This book is not about President Franklin Delano Roosevelt's life, nor is it a history of his New Deal. However, these matters are within the scope of the book as it discusses how FDR addressed the American people in order to persuade them to accept him and his political agenda from 1933 to 1945. The focus is on the rhetorical relationship between Roosevelt and the national audience.
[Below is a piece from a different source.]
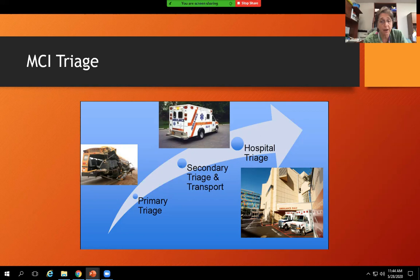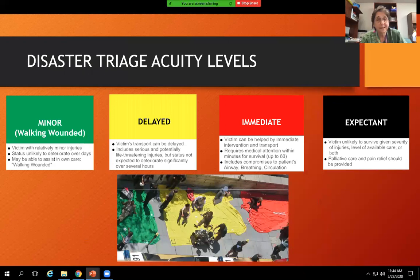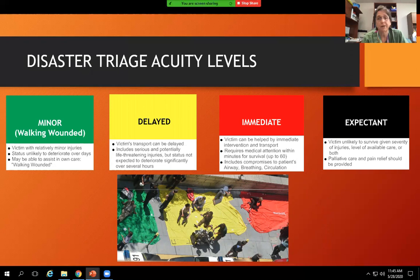Primary triage is done in the field — it's a very quick triage. They basically give the patient a color and then move on, about 30 seconds per patient. Secondary triage is just before they're transported to the hospital — this is when we get ring-downs from the field and the MCI alert from ReadyNet. Our third level of triage is at the hospital, so when they arrive we would be doing ESI triage. With disaster triage, the acuity levels are green, yellow, red, and black. Green is minor — the walking wounded — patients with very minor injuries unlikely to deteriorate over the next several days.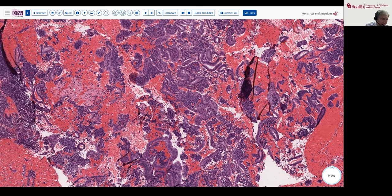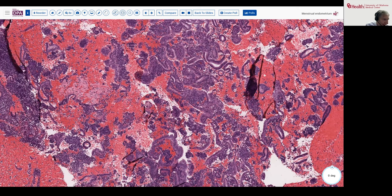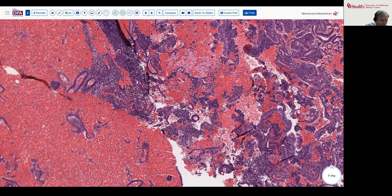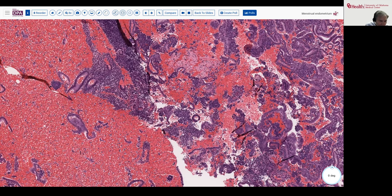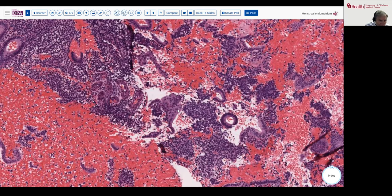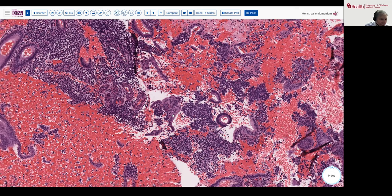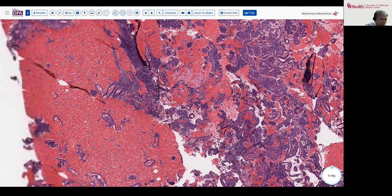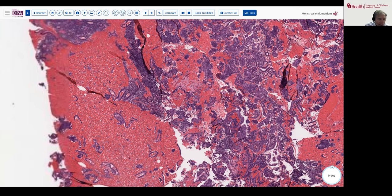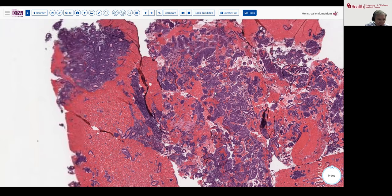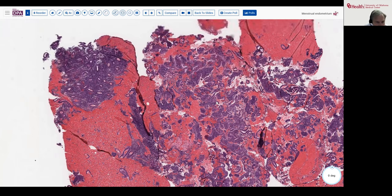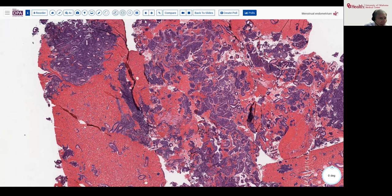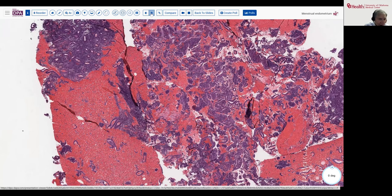Here's a little of the syncytial change we can see, and some fibrin and thrombi as well. Here's the syncytial change as the cells become multi-nucleated around these little nests of stroma. The important thing in this situation is to not mistake a menstrual endometrium for hyperplasia or for papillary carcinomas that have become hemorrhagic. Let's take a look at another example.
The progression of chapters in this book is probably not what one usually expects in a work on Roosevelt, but they were ordered purposefully. Chapter I argues that FDR was a prototypical rhetorical president. That is, he delivered programmatic speeches and Fireside Chats to move the people to elect and support him, and to persuade the public to move the Congress to adopt his legislative agenda. He practiced the tenets of the rhetorical presidency and usually excelled in all of them. However, there were occasions when he did not succeed as he would have wished, as in the purge and Court fight. These instances, too, are worth investigating for their own intrinsic merit and for the purposes of demonstrating how certain tenets should not have been abused and how they could have been practiced better.
Chapter 2 treats his speech delivery. Roosevelt's delivery has not been given the credit it deserves in his persuasive practices. The fact is that his audiences saw him speaking in person, heard him on the radio, watched him on the newsreels, and read his speeches in the newspapers. Except for in the print media, FDR communicated his thoughts to audiences by combining the artistry of his words with the artifice of his skills in speech delivery. This chapter makes the focused argument that his delivery was a potent factor in his rhetorical presidency.